I’m more inclined to think that instead of avoiding the drama inherent in difficult conversations, we might we want to accept it. And bring more of an actor’s mindset to them. Now actors like to think about motivation but they also do a lot of rehearsal. And that’s what I encourage people to do with difficult conversations. Play out a few lines of the scene and see how if feels to change what you say or do in any one of a number of ways.

Sometimes your understanding of the situation gains more from trying stuff out and doing things with your body, than engaging in analysis. Generally, it helps to try out some goofy things you wouldn’t normally do, to open up more possibility.

A lot of the time, people are surprised that very simple shifts can change how the conversation feels. Shorter sentences. Little changes of posture or pace. And doing less work and leaving more space to the other person. But you don’t get learning from a theory, you get it by trying, flailing around a little, and then making discoveries.

We put down our clever for a while, and use a bit more of the intelligence and creativity that comes out when we try stuff out, not just talk about it.


According to legend, famed cellist Pablo Casals was asked, at the age of 93, why he continued to practice. He replied, “because I think I’m noticing an improvement.”

Practice is a way of thinking about my work that I find really useful, and there are several layers to it.

In part, it’s about resisting the lure of labelling what I do as either success or failure. That seems to be set me up for anxiety. And if you are paying attention to the the intricacies of how human beings operate, it’s very hard to be sure if today’s success might turn out to be part of tomorrow’s failure, and vice versa. Beyond the labels of good and bad, we get more freedom to think about what’s actually happening.

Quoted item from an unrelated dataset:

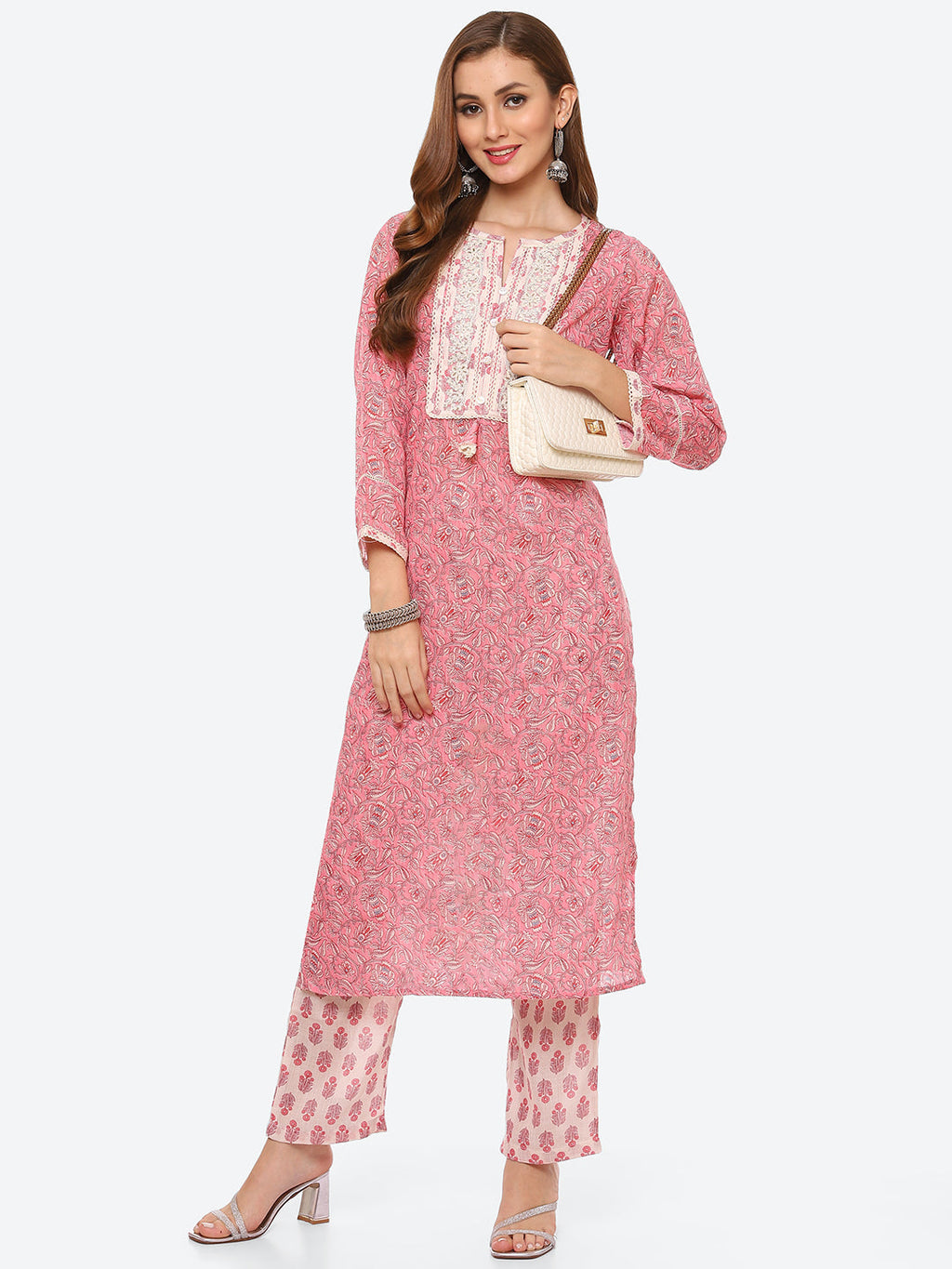 Zari Embroidered Printed Cotton Kurta With Pant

This is not, however, an invitation to say, “oh well, anything goes”. As Dan Milman repeats in The Way of the Peaceful Warrior, there is never nothing happening. A spirit of practice encourages me to reflect more on how I work, not less.

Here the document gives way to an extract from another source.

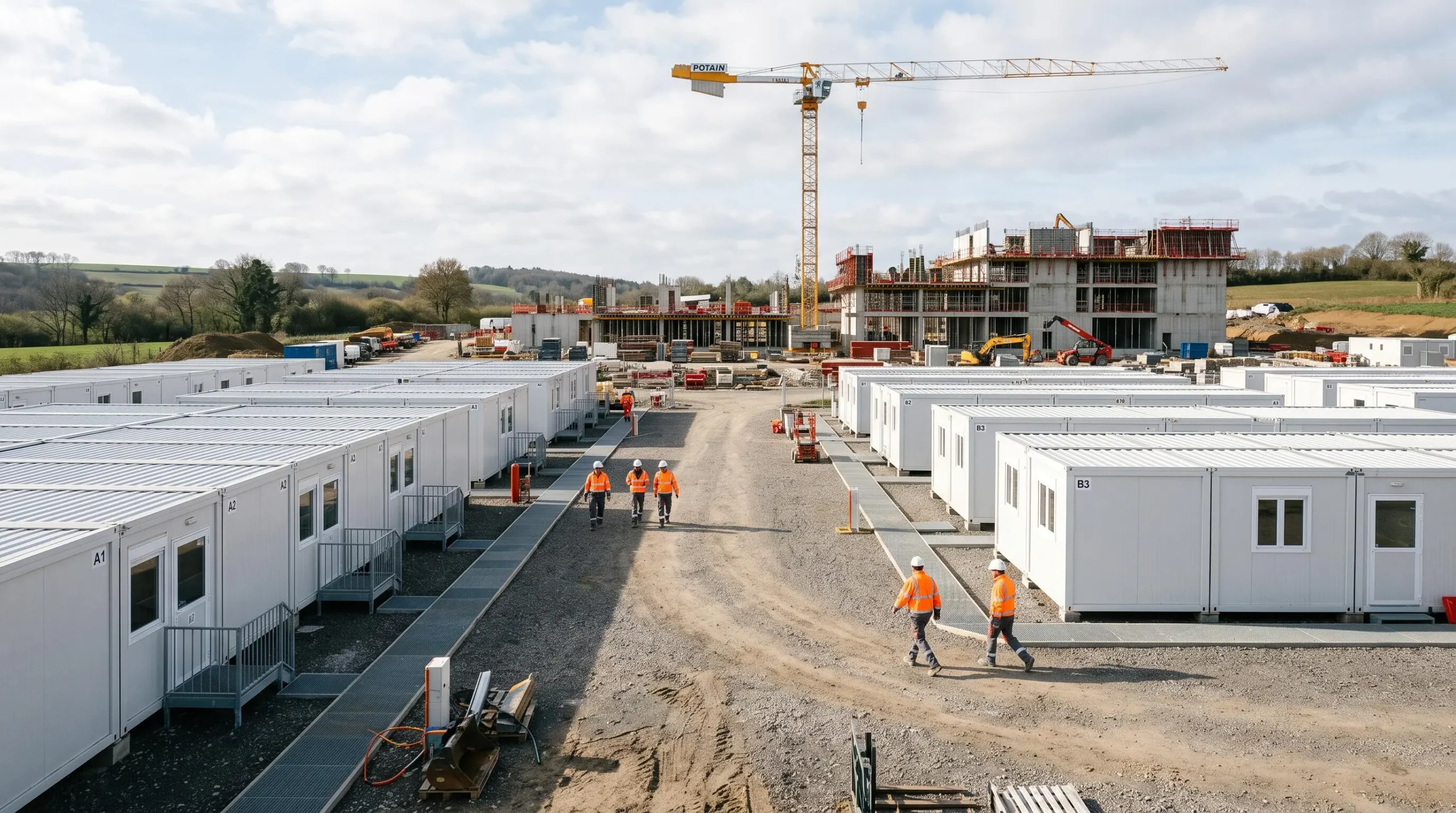 Base vie de chantier composée de plusieurs modules préfabriqués blancs installés sur un chantier de construction, avec des ouvriers en tenue de sécurité se déplaçant entre les bâtiments temporaires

It also constantly runs through my mind when I notice myself others doing what I call “teaching”. Teaching is ok in its place, but it’s a trance that quickly becomes self-defeating. When someone describes a challenge or problem, people often respond with advice and solutions. I often sense that isn’t really what’s needed.

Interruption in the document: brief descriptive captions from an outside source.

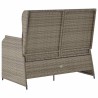 Banc inclinable de jardin avec coussins gris résine tressée 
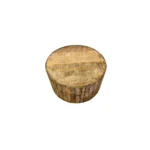 Goldoma 34-inch natural solid wood round coffee table in a modern living room setting
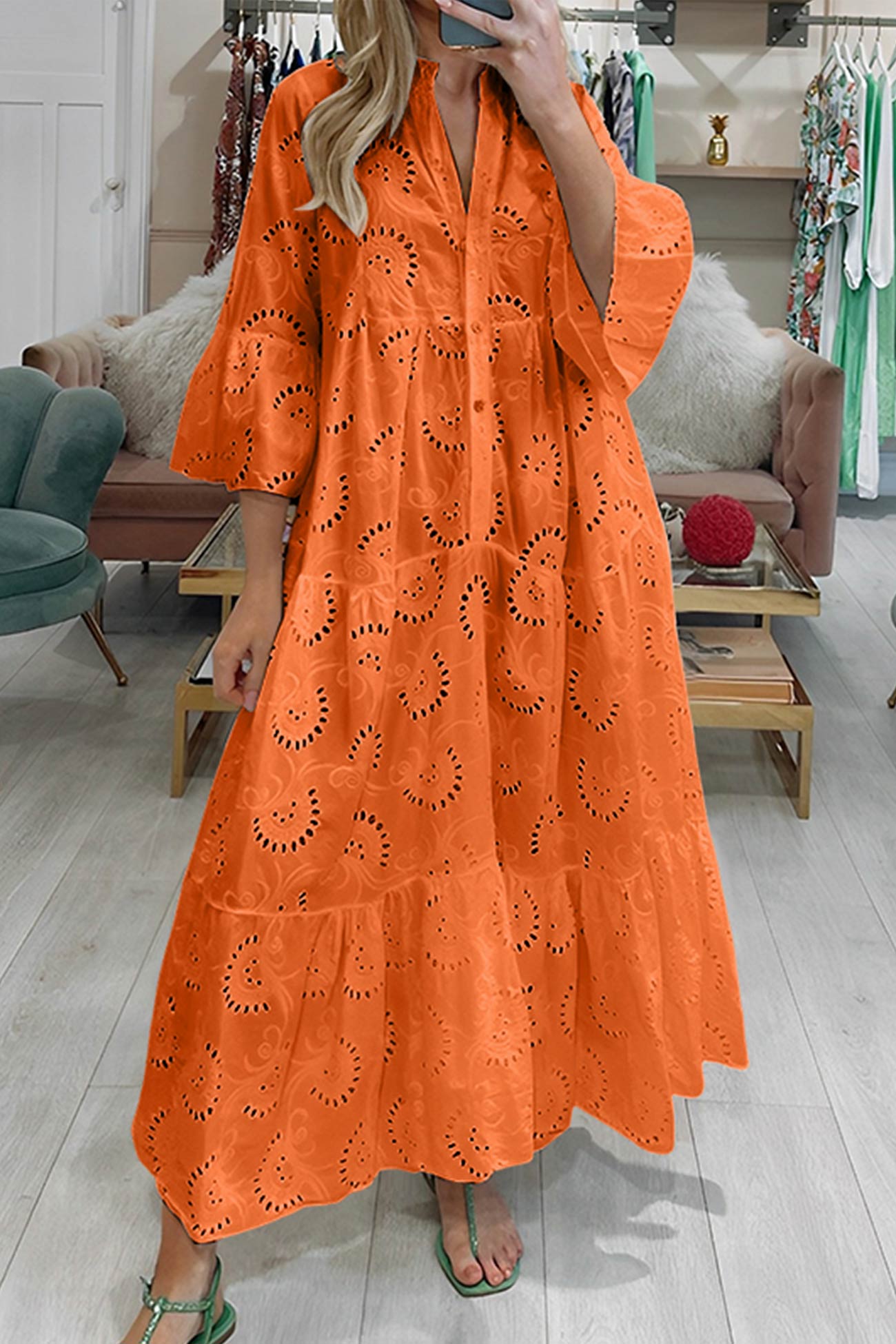 Flora – Maxi-jurk met romantische bloemenprint en vloeiende rok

I often ask myself, instead of explaining things to people can I either embody it more myself, or create an activity from which they might discover their own interpretation of it, or just let them continue to reflect for themselves instead of interrupting their journey with helpful suggestions.

My friend John Wenger makes great related point. Many of life’s skills are processed in parts of our brain that aren’t about information and analysis:

Research indicates that skills based in this part of the brain are best learned through motivation, practice and feedback, rather than simple transfer of information. In other words things that involve the “F” word (feelings) require a transformational learning process. As Emotional Intelligence guru Daniel Goleman, states, “A brief seminar wont’ help, and it can’t be learned through a how-to manual.

In other words, we learn this stuff through seeing others practicing, and by practicing ourselves. Not from a how-to book or seminar.

The spirit of practice also crosses the questionable boundary between work and life. I increasingly realise that what I am doing working with groups, I need to get better at doing with myself, on my own. I’m quite adept at noticing when groups get stuck and need changes of pace, process or environment. I now get to practice doing this for myself… paying more attention to when I’ve been staring at screens for too long and need to get out on the bike or in the pool… or just do the washing up.

I am rather thinking that all of life is practice, is we choose to think of it that way.

Viv podcasts

Viv has recorded a podcast with Jessica Tangelder talking about creative facilitation, including a lot about how she I work together.

Of course, I agree with just about all of it; Viv and I have practiced together a lot over the past few years (despite being on opposite sides of the planet). It’s still useful to me to hear Viv articulate it and remind me that there is a reasonably coherent explanation of how I work!